Divisa tra l'ex tribunale di San Firenze, dove verrà allestita la parte multimediale con spazi interattivi e didattici sulla vita di Pollock, e Palazzo Vecchio, dove, nel Salone dei Cinquecento, è collocato il "Genio della Vittoria", monumentale scultura marmorea eseguita da Michelangelo probabilmente nel 1532/33, questa mostra celebra una curiosa accoppiata, un accostamento a dir poco audace tra l’inventore del dripping e protagonista carismatico dell’action painting, e nientemeno che Michelangelo Buonarroti, figura chiave del Rinascimento italiano.
Presenti sei disegni di Pollock prestati dal Metropolitan Museum di New York, opere grafiche provenienti dalla Pollock Krasner Foundation, altre opere di varia provenienza sia pubblica che privata, risalenti ad un intervallo di tempo che copre il decennio ‘30/’40 ("Panel with Four designs", "Square composition with horse", "The water Bull", "Earth Worms" ed altri).

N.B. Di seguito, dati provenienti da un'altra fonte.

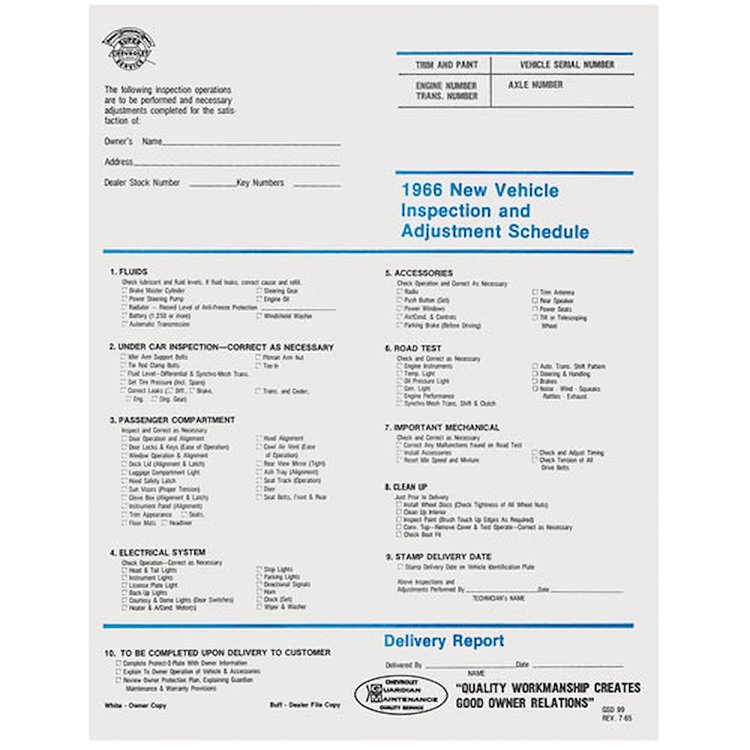 Inspection Sheet 1966 Chevrolet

Ad indicare il flebile fil rouge che collegherebbe, nelle intenzioni degli organizzatori, questi due artisti, il titolo della mostra ''La figura della furia'', espressione desunta da uno scritto di Giovanni Paolo Lomazzo, pittore e critico cinquecentesco, che in termini di furia creatrice parla della raffigurazione della forma umana nell’arte di quel tempo, ovviamente figurativa, perché, si sa, allora l’astrattismo non l’avevano ancora inventato.

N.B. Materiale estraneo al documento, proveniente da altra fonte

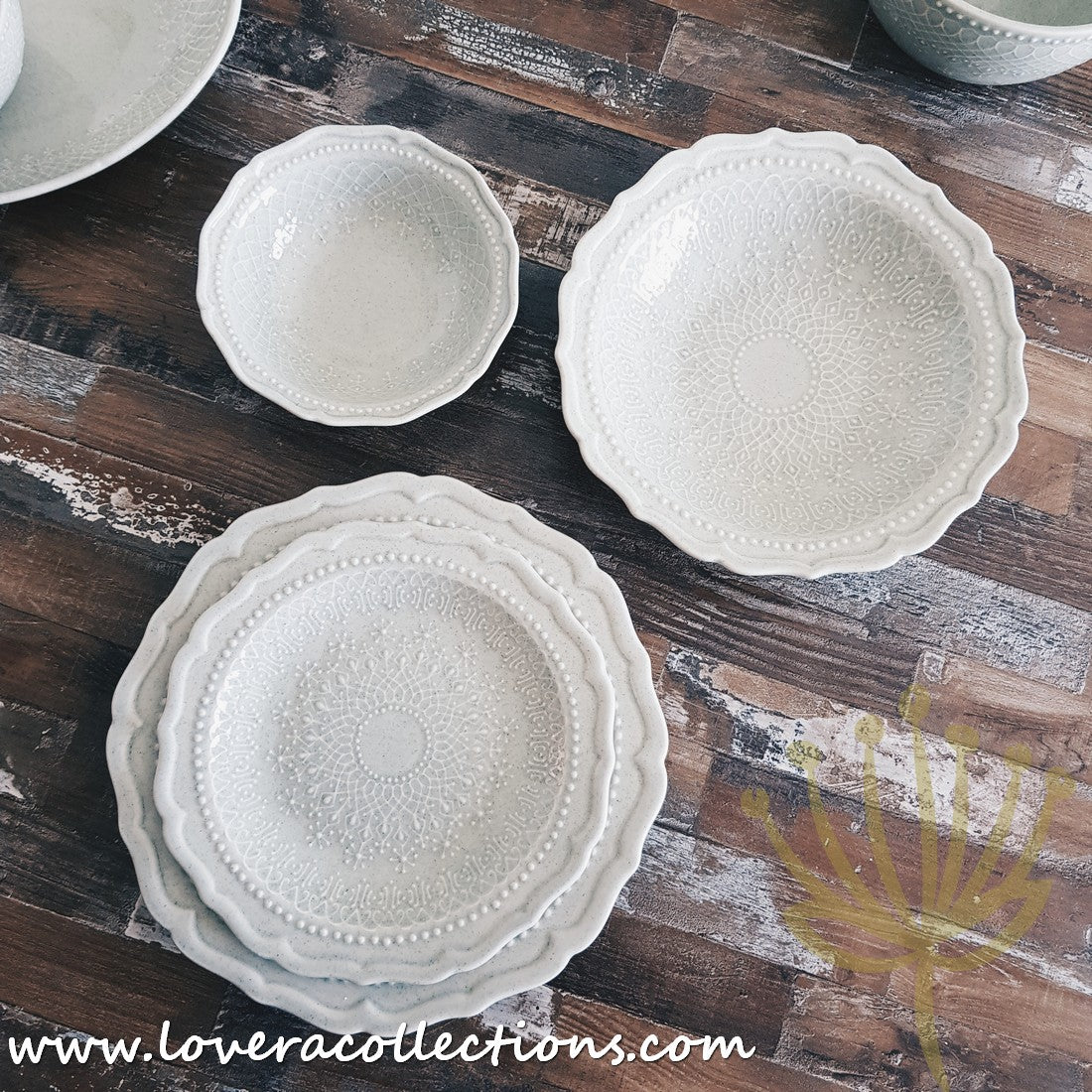 French Lace Dinnerware Set - Elegant Porcelain Plates & Bowls for Formal Dining, Wedding Reception & Holiday Table Setting (50% Off Limited Time Sale)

Ancora più audace il salto logico che accosta il tema michelangiolesco del non-finito con l’informalità delle composizioni all-over di Pollock, due linguaggi che in realtà si muovono in direzioni opposte.
Nel primo caso si tratta di una scelta volontaria e consapevole, intellettuale e culturale, pervasa da concezioni neoplatoniche, per esprimere il non-detto o non-dicibile, per chiamare all’appello la forma che dorme dentro il masso marmoreo, per articolare un discorso taciuto che diventa essenziale, scarno, allusivo, riassuntivo, pregno di significati.

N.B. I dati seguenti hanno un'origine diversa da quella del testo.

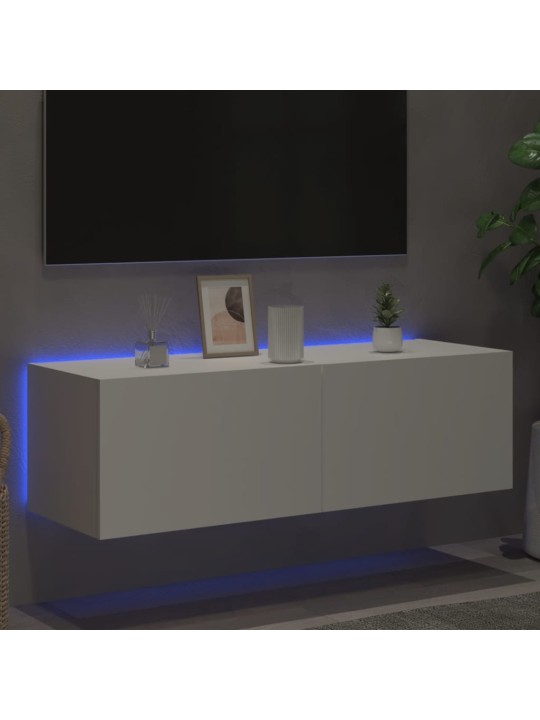 Nástěnná TV skříňka s LED osvětlením bílá 100 x 35 x 31 cm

Scrive infatti Michelangelo: "Non ha l’ottimo artista alcun concetto/c’un marmo solo in sé non circoscriva/col suo soverchio, e solo a quello arriva/la mano ch’obbedisce all’intelletto".
“Il non-finito michelangiolesco ha un significato preciso: il blocco sbozzato lascia solo intravedere l’immagine che l’artista viene liberando dalla materia, mentre l’idea compiuta è irraggiungibile perché è eterna; l’uomo può soltanto lottare per tendere verso quella meta, ma è cosciente dell’impossibilità per lui, finito, di giungere all’infinito. Nel non-finito si concretizza il pessimismo michelangiolesco: la constatazione dell’urto fra l’intuizione dell’eterno e la caducità di tutte le cose, fra la ragione che Dio ci ha concesso e la pochezza dei risultati.” (Alessandro Tempi, “Il Neoplatonismo e le arti visive nella Firenze del quattrocento”)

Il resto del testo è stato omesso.